9. By Corporate Special Warranty Deed dated and recorded December 20, 2005, in Deed Book 358, page 308, Peabody Development Company, LLC, conveyed all of the property it owned in Ohio County, Kentucky, to Central States Coal Reserves of Kentucky, LLC, a Delaware limited liability company.
10. By Deed of Confirmation effective December 20, 2005, dated December 27, 2005, and recorded January 17, 2006, in Deed Book 358, page 583, Peabody Development Company, LLC, confirmed the conveyance of the surface only of certain property previously conveyed at Deed Book 358, page 308, to Central States Coal Reserves of Kentucky, LLC.
11. By instrument effective December 20, 2005, dated August 23, 2006, recorded August 24, 2006, in Deed Book 362, page 558, Peabody Coal Company, LLC, confirmed that it had conveyed certain tracts to Peabody Development Company, LLC.
12. By instrument effective December 20, 2005, dated August 23, 2006, recorded August 24, 2006, in Deed Book 362, page 563, Peabody Development Company, LLC, confirmed that it had conveyed certain tracts to Central States Coal Reserves of Kentucky, LLC.

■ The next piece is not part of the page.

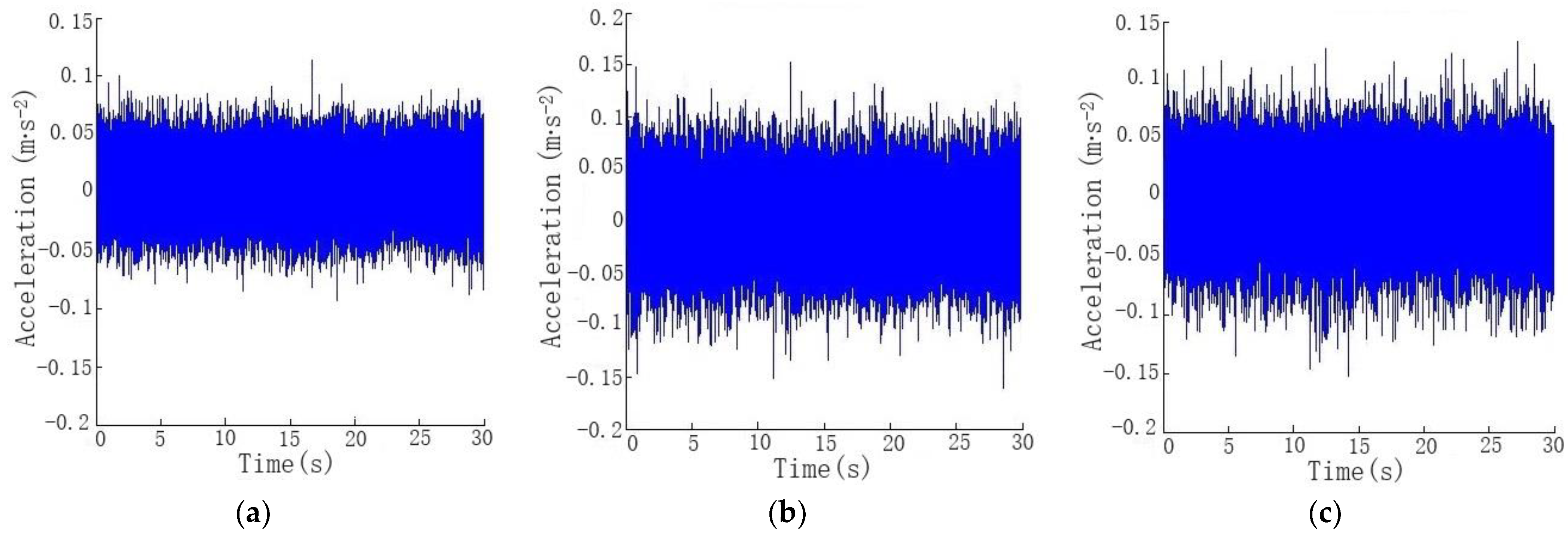 Agriculture 14 00324 g004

13. Pursuant to Section 266 of the Delaware General Corporation Law, Beaver Dam Coal Company, a Delaware corporation, converted and changed its name to Beaver Dam Coal Company, LLC, a Delaware limited liability company, effective May 16, 2007, recorded May 21, 2007, in Miscellaneous Book 58, pages 499 - 503.

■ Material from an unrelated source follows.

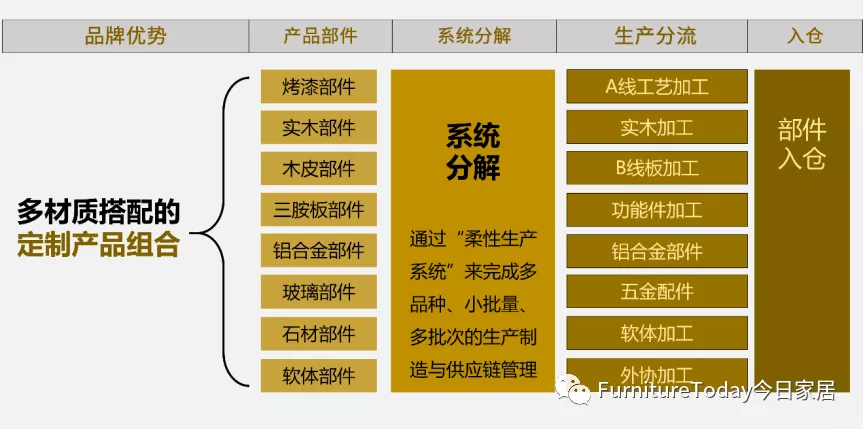 10000字深度长文！讲透成品家具转型定制模式的5大关键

14. And being a portion of the same property conveyed by Beaver Dam Coal Company, LLC and Central States Coal Reserves of Kentucky, LLC, to Cyprus Creek Land Resources, LLC, by deed dated September 13, 2007, of record in Deed Book 370, page 144.

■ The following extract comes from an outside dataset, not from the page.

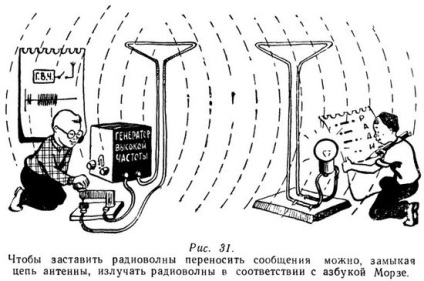 Cum se face o emisiune radio, pas cu pas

15. And being a portion of the same property conveyed by Cyprus Creek Land Resources, LLC to Cyprus Creek Land Company by deed dated September 13, 2007, recorded in Deed Book 370, page 199.
16. And being a portion of the same property conveyed by Beaver Dam Coal Company, LLC and Central States Coal Reserves of Kentucky, LLC to Cyprus Creek Land Resources, LLC, by Correction Special Warranty Deed of Conveyance effective September 13, 2007, recorded March 28, 2008, in Deed Book 373, page 43.
Schedule of Known
Exceptions and Prior Conveyances
1. Subject to the Notice of Royalty Interest in favor of William G. Parrott, et al., dated December 19, 1983, recorded in Miscellaneous Book 16, page 452, concerning the Third Boundary described therein.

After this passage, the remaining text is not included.